Here at Cloud Academy, we use WordPress to serve our blog and product/public pages, such as the home page, the pricing page, etc.
With WordPress, the marketing and content teams can quickly and easily change the look & feel and the content of the pages, without reinventing the wheel.
State of the art
The first implementation of WordPress infrastructure was to deploy the whole code (core, theme and plugins) on an EFS storage, which basically is an NFS storage, attached to a couple of EC2 instances. Moreover, we installed W3 Total Cache plugin to handle full page cache and to serve static files (such as images, CSS, js, etc.) from a Cloudfront CDN.
Here is a simplified schema of our infrastructure:
Considering this implementation, we found two different problems:
- The first is related to the EFS that doesn’t serve PHP files as fast as needed.
- The second is related to W3 Total cache plugins that, as previously mentioned, also handle the full page cache. This plugin retrieves a page from Redis cache but, despite Redis being a good choice to handle cached files, before getting the file from cache, W3 Total Cache needs to start the whole WordPress framework to understand the right object to get — bringing us back to the first problem.
With this approach, we waste a lot of time in getting the PHP files from the network file system and the cached page from Redis.
To solve the above-mentioned problems, we’ve rethought the whole infrastructure, moving it to a more standard Cloud Academy approach using Docker containers and ECS orchestrator.
Furthermore, we moved the CDN component to act as a full page cache instead of serving just the static assets.
Here is the schema of the new implementation:
As you can see, the whole WordPress code is now built in a docker container (using our standard Jenkins pipeline) and then deployed to an ECS cluster managed by Spotinst.
However, we kept the EFS storage because the uploaded files from WordPress editors must be shared across all ECS containers.
The Docker build
One of our main goals was also to keep the minimum number of files versioned in the git repository. This means that the only versioned files for a WordPress project are related to custom themes and custom plugins.
To build the right docker image, we used the following approach:
Starting from the PHP image, the Dockerfile installs the wp-cli application and then downloads the WordPress core and all public plugins. To choose which plugins must be installed, the script reads a CSV file (that’s versioned) containing the list of all plugins and the relative version. In this way, when we want to install a new plugin, we just add it to the CSV file and then rebuild the Docker image.
As shown in the schema, we moved the Cloudfront CDN to work as the main WordPress entry point. In this way, the “Hit” requests are handled directly by Cloudfront without loading the entire WordPress stack. In addition, Cloudfront gives us the ability to configure different behaviors depending on the requested page. More specifically, we can configure the cache TTL depending on the throughput that a single page has in order to maximize the cache performance (from 3 minutes to 10 minutes).

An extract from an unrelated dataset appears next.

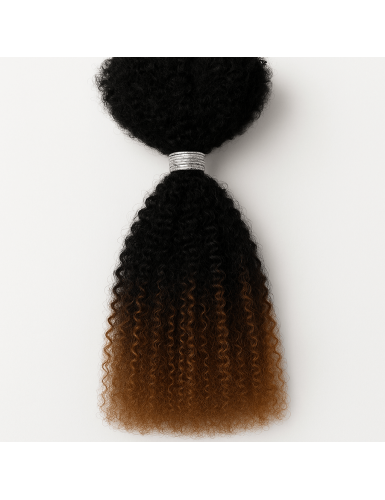 meches-afro-crepues-humaines-en-vrac-tressestwists-ombre-1b30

Unfortunately, CloudFront as a single entry point introduces a problem regarding the WordPress admin: as you can guess, we cannot have the admin pages cached. This is a problem because if we cache the admin pages, the editors can have unexpected behaviors with their sessions mixed together. To solve this issue, we created a new CDN behavior dedicated to the admin section that basically skips the cache, just using all headers and cookies as part of the cache key.
Now, what about the W3 Total Cache plugin? We decided to keep it installed because it will continue to optimize the cache miss from Cloudfront and the minification of static files.
Of course, after the infrastructure refactoring, we made some benchmarks to understand the real benefit gained. This chart compares the performance of the old infrastructure versus the new:
In the chart, the blue, brown and orange lines are related to the old infrastructure and the green, purple and red lines to the new infrastructure.
First of all, notice how the average response time of the new infrastructure (red line) is about half of the old one (blue line). But the very big improvement is on the 95 percentile brown line vs. purple line. This means that, thanks to the new infrastructure, 95% of requests are now served in less than a second.
Another effect that we measured with the ‘ab’ tool is the increase in throughput. We can now handle about twice as many requests than before using the same hardware configuration.
Considering the EFS usage, as you can see in the following image, the throughput that the file system must handle is now significantly lower than the old infrastructure (except for the switch moment, where there was a spike caused by all Cloudfront cache miss requests). This allowed us to decrease the EFS provisioned throughput which, of course, means a cost savings.
In addition, the time needed to scale up in case of a spike is considerably lower because we simply need to add new extra containers to the ECS service to handle new requests.
After this refactoring, which mainly focused on infrastructure, we are fully aware that most of the time the major issues are at the application level. So we are investigating how to refactor the WordPress front end, replacing it with a react app (like the rest of our platform), using either Next.js or Gatsby, in order to completely avoid the load of the WordPress framework except when serving API requests.